On the morning of November 21st, students, staff, faculty, local civilians and military personnel all gathered at the Sanford School of Public Policy for the inaugural event of the newly formed National Security Student Group (NSSG). Attendees sipped coffee and savored pastries in Sanford’s Rhodes Conference Room, a proper setting to host an event ambitiously titled “Special Operations and the Future of American Grand Strategy.”
The event featured a conversation with Major General Michael S. Repass, a former commanding general of the U.S. Army Special Forces Command. Topics covered included the role of U.S. special operations forces, civil-military relations, and the current situation in Europe and the Middle East.
In opening remarks, Matt Dreher, Master of Public Policy (MPP) candidate and former aide-de-camp to the General, expressed pleasure in being able to introduce his mentor at an event hosted by a club whose existence acknowledged the growing interest in National Security amongst Sanford’s graduate student body. This interest is likely due to the fact that Sanford partners with the Yellow Ribbon Veterans Program and nearly 10% of current MPP students have a military background.
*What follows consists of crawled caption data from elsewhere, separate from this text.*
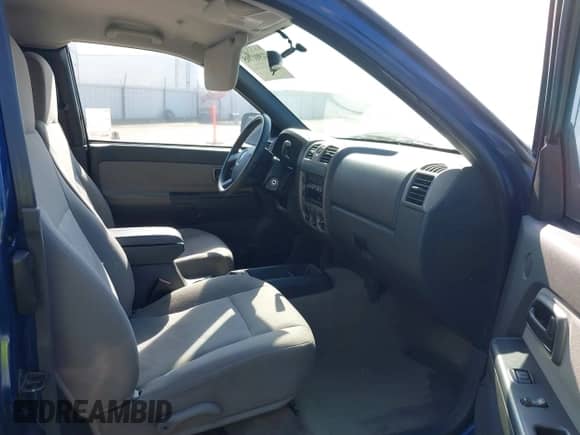 2005 Chevrolet Colorado Z85 с VIN 1GCCS198558171180, выставлен на аукционе IAAI как лот 41901705 с пробегом 131 219 миль миль и . История ставок и продаж доступна на DreamBid. Изображение 5.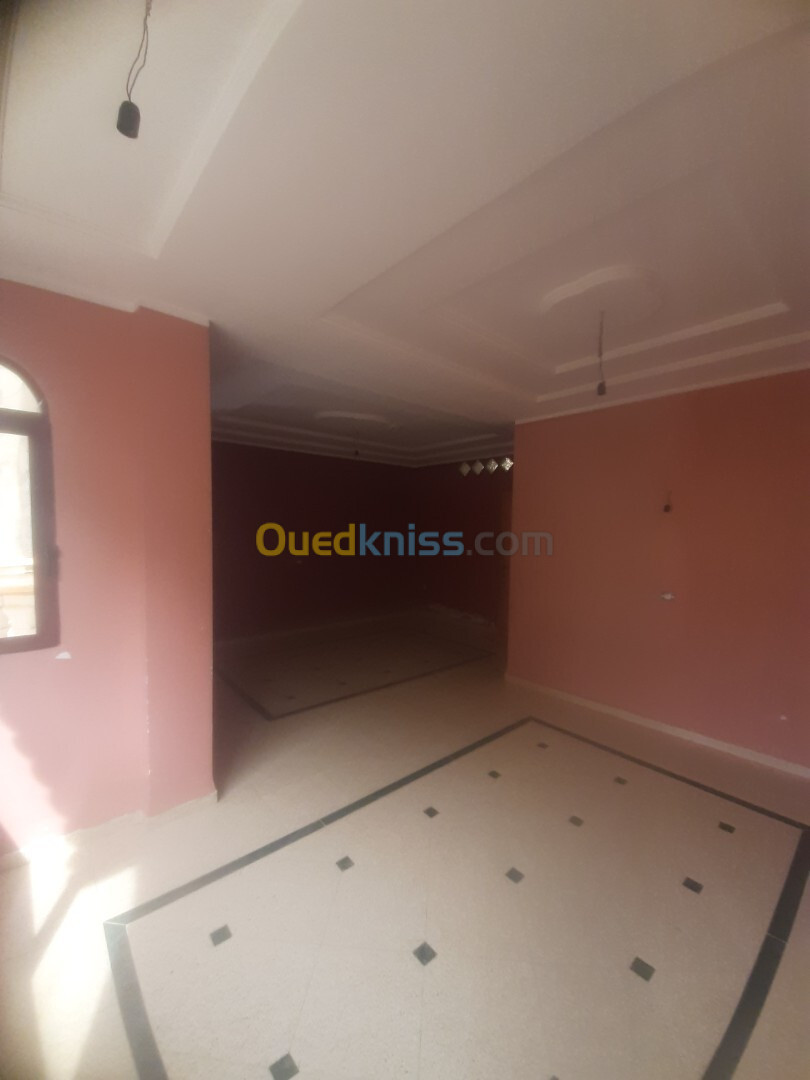 Location Niveau De Villa F4 Alger Cheraga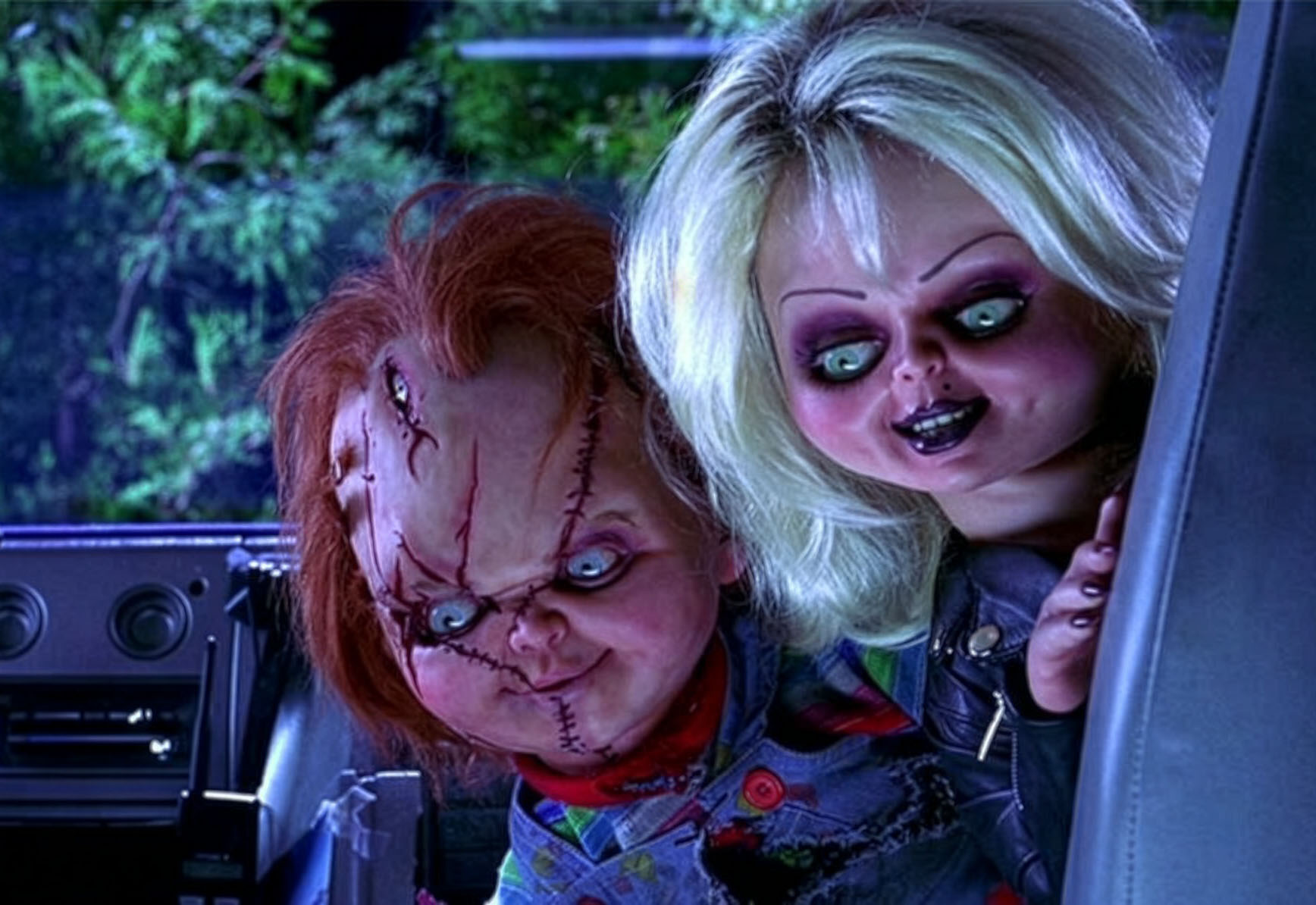 Scarecrow Video’s 2026 Psychotronic Challenge: Week Two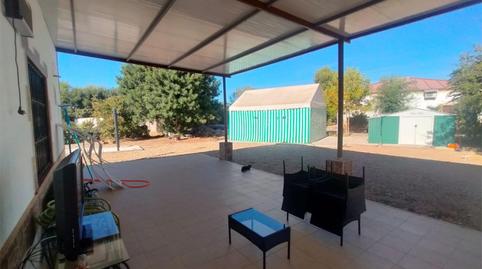 Finca rústica en venda a Carretera de la Estación, 32, Marmolejo, Jaén - imatge 4 Foto 4 de Finca rústica en venda a Carretera de la Estación, 32, Marmolejo, Jaén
Silver-haired and muscularly-built, the retired General cuts an imposing figure—one capable of commanding a battalion of soldiers. Notwithstanding his physical stature and battle-tested wisdom, Repass spoke with humorous candor of the woes of retirement. One particular anecdote illustrated the ubiquitous frustration experienced when speaking to a Verizon store clerk.
All joking aside, the General provided a comprehensive overview of European and Middle Eastern countries’ interconnected objectives. Repass hailed the United States’ ability as a superpower to employ economic, diplomatic, and militaristic means to achieve desirable outcomes: “We can walk and chew bubble gum at the same time.” That being said, he acknowledged that America’s “can do” culture leads to it unnecessarily place itself at the center of turmoil. In regards to the ISIS conflict, the General implied that the fight is not primarily an American one, but rather a battle between the Shia and Sunni denominations of Islam.
The General encouraged provocative questions, and moderator Robin Millican steered the conversation to the issue of Russian aggression. Repass insisted Vladimir Putin only staged the Crimea annexation to split opinions in the NATO alliance. Russia’s true objective, warned the General, is the acquisition of the Baltic States. “We are literally playing Russian Roulette,” he quipped to convey the severity of the situation.
The General’s mix of gritty, tactical prowess and humanized, philosophical reflection proved an appropriate metaphor for his assessment of America’s role in the world which is at once both grim and hopeful. NSSG president Maureen Hartney agreed with many aspects of Gen. Repass’ speech. “I was particularly impressed with his willingness to speak about his own unfettered opinions, which may currently be unpopular to many neo-isolationists but still carry the important weight of someone continuously exposed to the ‘wicked problems’ that my generation now faces.”
Gen. Repass’ military career began in 1980 upon graduation from the United States Military Academy at West Point, NY. He spent over 30 years as a Special Forces officer and has commanded at every level from captain to major general. He retired well-decorated, with assignments that spanned the globe. Repass is currently the Chief Executive Officer for Able Global Solutions LLC, which he founded after retiring from the Army.
In response to an inquiry of how students can develop a frame of reference to deal with the complex problems facing the world, the General implored students to “get out of this beautiful city!” He prescribed the experience of living internationally in order to affirm one’s values and define their role in society. “Some of you have seen the capacity of evil, and if you haven’t already, you will. You have an obligation to do something about that.”
The NSSG has set the bar high by commencing with a visit from a two-star general. When asked her opinion of the talk, undergraduate Emma Campbell-Mohn replied, “Events like these that connect students to professionals are what make Duke a unique experience.”